SMRs and AMRs

Saturday, September 15, 2012

Operating system battles déjà vu

Android wins the smartphone wars

By Joe Wilcox, BetaNews

In October 2009, I explained why "Apple cannot win the smartphone wars". That was just a year after Google launched the first Android handset, the G1, on T-Mobile and days after Verizon debuted the hugely-successful Motorola Droid. By end of that year, Android had paltry 3.9 percent smartphone sales share, according to Gartner. My prediction drew loads of criticism from the Apple Fan Club of bloggers, journalists and other writers.

Fast-forward to second quarter 2012 and Android's global sales share is 64.1 percent for all phones, not just smart ones. iOS: 18.8 percent. My how times change. Increasingly, Android and iOS look exactly like Windows and Mac OS in the 1980s and 1990s, as I predicted would be the case.

By the way, three years ago, Gartner prediced that for 2012, Symbian would be top-ranked with 37.4 percent share, followed by Android (18 percent) and iOS (13.6 percent). Opps [sic].

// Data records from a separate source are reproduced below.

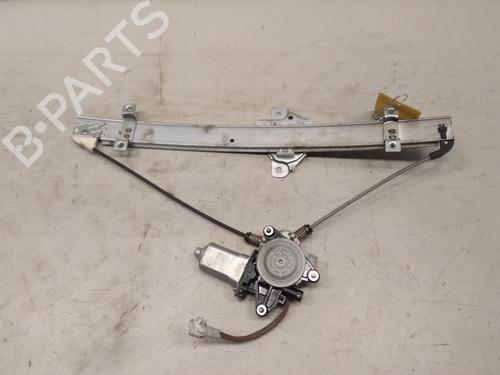 Used Front right window mechanism SUZUKI LIANA Hatchback 1.6 i (RH416) (106 hp) 20591103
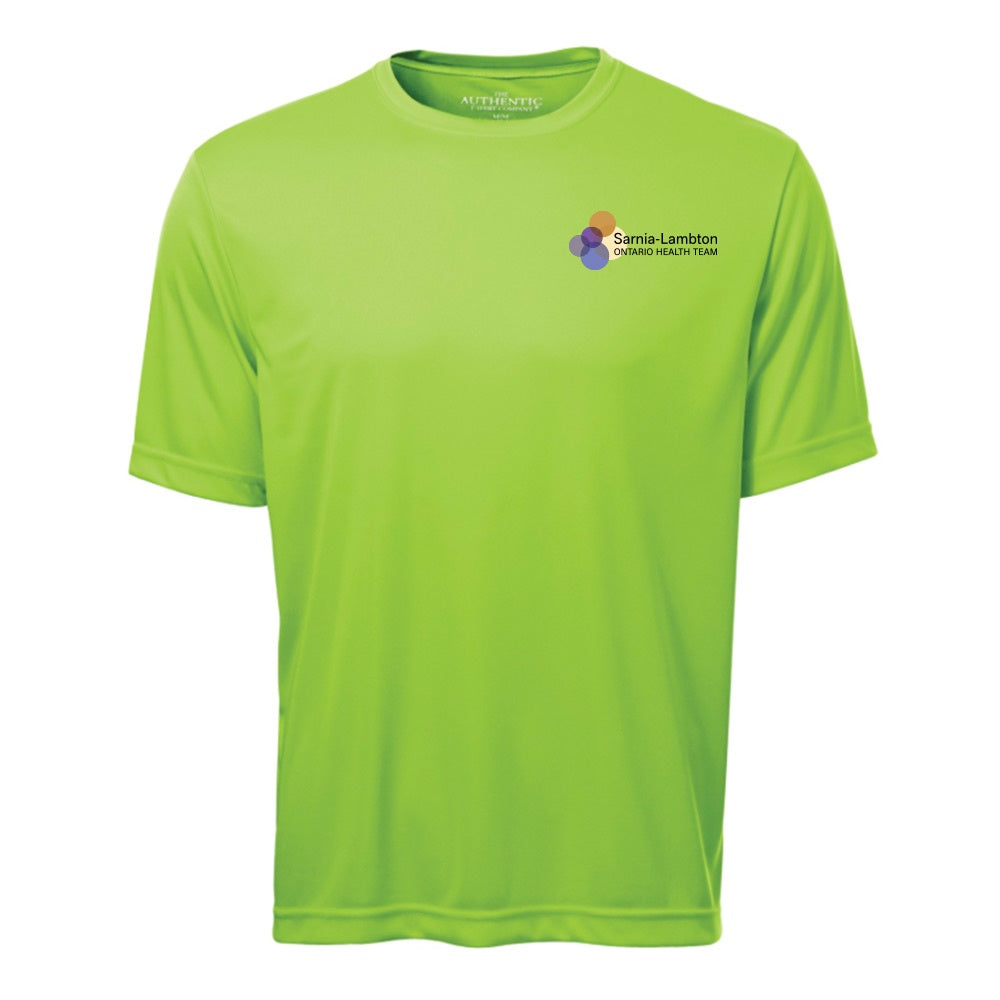 Sarnia-Lambton Ontario Health Team Adult Pro Team T-Shirt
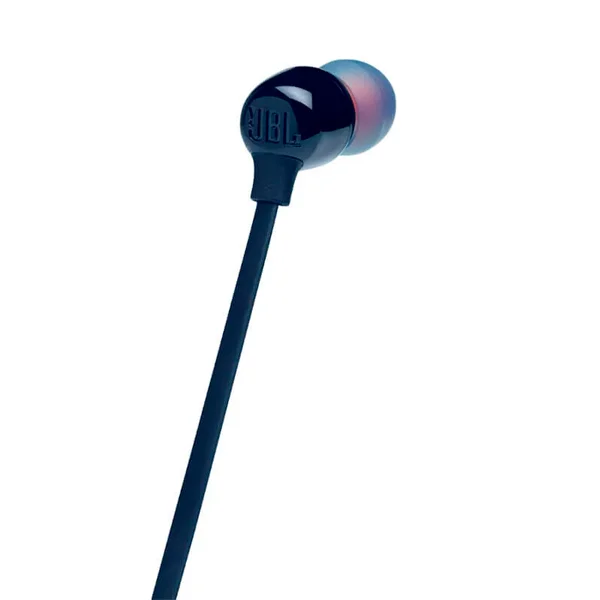 Наушники JBL Tune 125BT синие купить,NaN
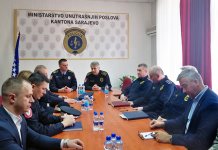 Selimović i Šehovac nastavljaju saradnju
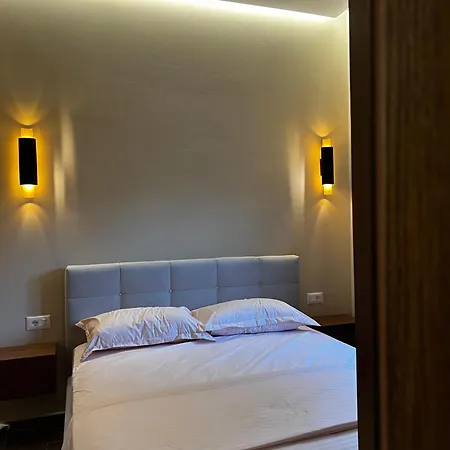 Villa Aries Albania Vore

Two days ago, Android chief Andy Rubin revealed startling data: Cumulative device shipments reached 500 million, putting Google's OS ahead of Apple's for the first time. During Apple's calendar second quarter earnings call, CFO Peter Oppenheimer put cumulative iOS sales at 410 million through June 30. Strangely, yesterday, CEO Tim Cook reduced the number to 400 million. WTH?